La propuesta de suspender temporalmente el karaoke doméstico y limitar el ruido fuerte para que los estudiantes se sientan seguros para prepararse para los exámenes de la comuna de Mỏ Cày es una acción digna de apoyo.
No solo muestra preocupación por la educación, sino que también es un mensaje sobre la conciencia comunitaria, la cultura de comportamiento y la responsabilidad hacia la generación joven.
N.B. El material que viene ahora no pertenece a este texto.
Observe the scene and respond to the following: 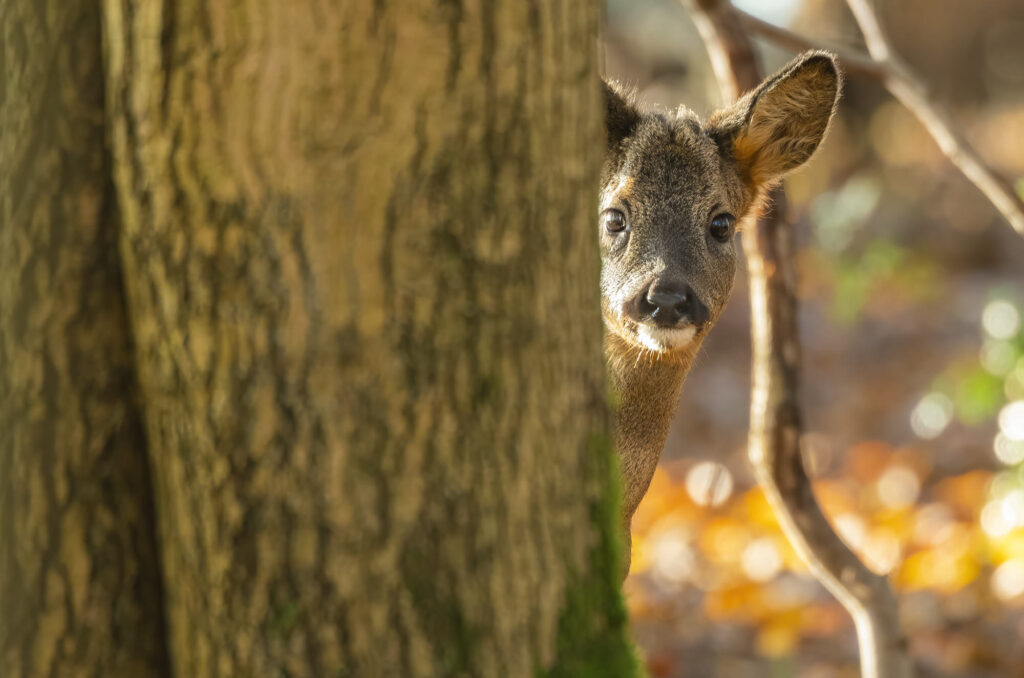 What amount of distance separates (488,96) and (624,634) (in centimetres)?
108

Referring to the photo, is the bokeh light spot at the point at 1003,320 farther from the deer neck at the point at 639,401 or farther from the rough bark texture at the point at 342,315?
the rough bark texture at the point at 342,315

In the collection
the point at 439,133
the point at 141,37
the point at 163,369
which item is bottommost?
the point at 163,369

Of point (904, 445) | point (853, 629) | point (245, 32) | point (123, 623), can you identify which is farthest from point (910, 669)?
point (904, 445)

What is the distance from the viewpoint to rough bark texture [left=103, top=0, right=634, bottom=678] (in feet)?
6.96

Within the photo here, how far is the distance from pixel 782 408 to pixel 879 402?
7902mm

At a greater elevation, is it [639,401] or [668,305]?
[668,305]

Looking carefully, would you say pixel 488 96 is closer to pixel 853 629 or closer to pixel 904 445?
pixel 853 629

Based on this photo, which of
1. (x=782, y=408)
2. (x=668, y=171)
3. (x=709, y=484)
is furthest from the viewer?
(x=709, y=484)

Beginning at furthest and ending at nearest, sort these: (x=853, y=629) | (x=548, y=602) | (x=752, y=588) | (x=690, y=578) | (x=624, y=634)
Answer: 1. (x=690, y=578)
2. (x=752, y=588)
3. (x=853, y=629)
4. (x=624, y=634)
5. (x=548, y=602)

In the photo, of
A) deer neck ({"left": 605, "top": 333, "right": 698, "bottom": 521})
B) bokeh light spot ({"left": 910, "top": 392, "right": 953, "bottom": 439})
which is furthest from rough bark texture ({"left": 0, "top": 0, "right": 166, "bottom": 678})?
bokeh light spot ({"left": 910, "top": 392, "right": 953, "bottom": 439})

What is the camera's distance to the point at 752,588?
26.4ft

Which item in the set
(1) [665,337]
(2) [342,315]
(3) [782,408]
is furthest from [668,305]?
(2) [342,315]

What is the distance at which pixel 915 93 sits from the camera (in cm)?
501

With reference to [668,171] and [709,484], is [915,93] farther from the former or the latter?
[709,484] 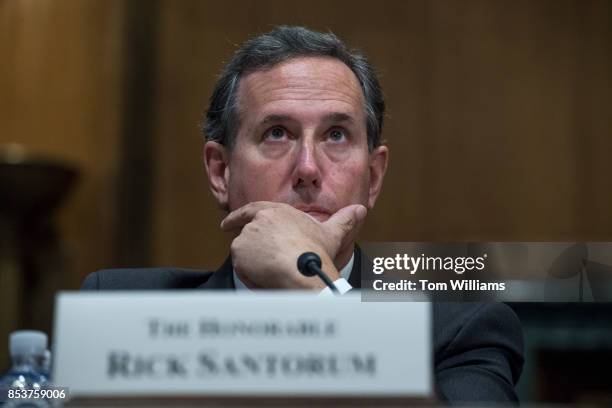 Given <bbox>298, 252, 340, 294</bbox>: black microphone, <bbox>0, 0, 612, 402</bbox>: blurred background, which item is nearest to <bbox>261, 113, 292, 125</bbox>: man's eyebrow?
<bbox>298, 252, 340, 294</bbox>: black microphone

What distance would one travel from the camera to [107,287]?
8.60ft

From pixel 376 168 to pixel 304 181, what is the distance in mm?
370

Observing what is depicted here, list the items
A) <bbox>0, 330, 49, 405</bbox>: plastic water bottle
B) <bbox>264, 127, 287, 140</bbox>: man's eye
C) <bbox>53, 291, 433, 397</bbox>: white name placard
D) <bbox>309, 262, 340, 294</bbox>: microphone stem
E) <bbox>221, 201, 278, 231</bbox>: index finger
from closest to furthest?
<bbox>53, 291, 433, 397</bbox>: white name placard < <bbox>309, 262, 340, 294</bbox>: microphone stem < <bbox>0, 330, 49, 405</bbox>: plastic water bottle < <bbox>221, 201, 278, 231</bbox>: index finger < <bbox>264, 127, 287, 140</bbox>: man's eye

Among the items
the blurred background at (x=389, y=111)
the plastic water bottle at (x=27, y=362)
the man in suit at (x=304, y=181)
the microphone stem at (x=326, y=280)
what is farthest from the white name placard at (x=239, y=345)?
the blurred background at (x=389, y=111)

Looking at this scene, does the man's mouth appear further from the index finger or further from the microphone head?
the microphone head

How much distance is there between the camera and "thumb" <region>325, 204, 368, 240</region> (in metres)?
2.26

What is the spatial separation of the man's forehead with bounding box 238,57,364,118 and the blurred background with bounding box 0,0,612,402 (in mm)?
2990

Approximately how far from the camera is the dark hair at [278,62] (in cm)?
266

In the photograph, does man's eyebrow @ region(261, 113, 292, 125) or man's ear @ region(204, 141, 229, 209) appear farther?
man's ear @ region(204, 141, 229, 209)

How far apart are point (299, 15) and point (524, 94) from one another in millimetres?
1273

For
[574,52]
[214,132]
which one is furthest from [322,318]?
[574,52]

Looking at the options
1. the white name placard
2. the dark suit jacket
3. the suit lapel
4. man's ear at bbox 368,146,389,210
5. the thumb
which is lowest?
the dark suit jacket

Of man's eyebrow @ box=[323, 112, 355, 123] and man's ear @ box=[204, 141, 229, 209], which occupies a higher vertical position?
man's eyebrow @ box=[323, 112, 355, 123]

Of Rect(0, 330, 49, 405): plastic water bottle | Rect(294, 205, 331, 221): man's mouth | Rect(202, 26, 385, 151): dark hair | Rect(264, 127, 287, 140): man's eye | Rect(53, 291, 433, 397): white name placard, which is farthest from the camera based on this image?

Para muchos niños, especialmente en las zonas rurales o zonas residenciales densamente pobladas, no todas las familias tienen aulas separadas, condiciones de insonorización o un ambiente tranquilo.
Solo con que la casa de al lado ponga karaoke a gran volumen durante muchas horas seguidas, el aprendizaje se trastorna casi por completo.
El ruido no solo causa molestias, sino que también afecta directamente la capacidad de concentración, la calidad del sueño y la salud mental.
Lo notable es que el gobierno de la comuna de Mỏ Cày no eligió la forma de prohibición extrema, sino que principalmente movilizó y pidió el consenso de la gente.
Esta es una forma flexible pero razonable de hacer las cosas, basada en la conciencia comunitaria.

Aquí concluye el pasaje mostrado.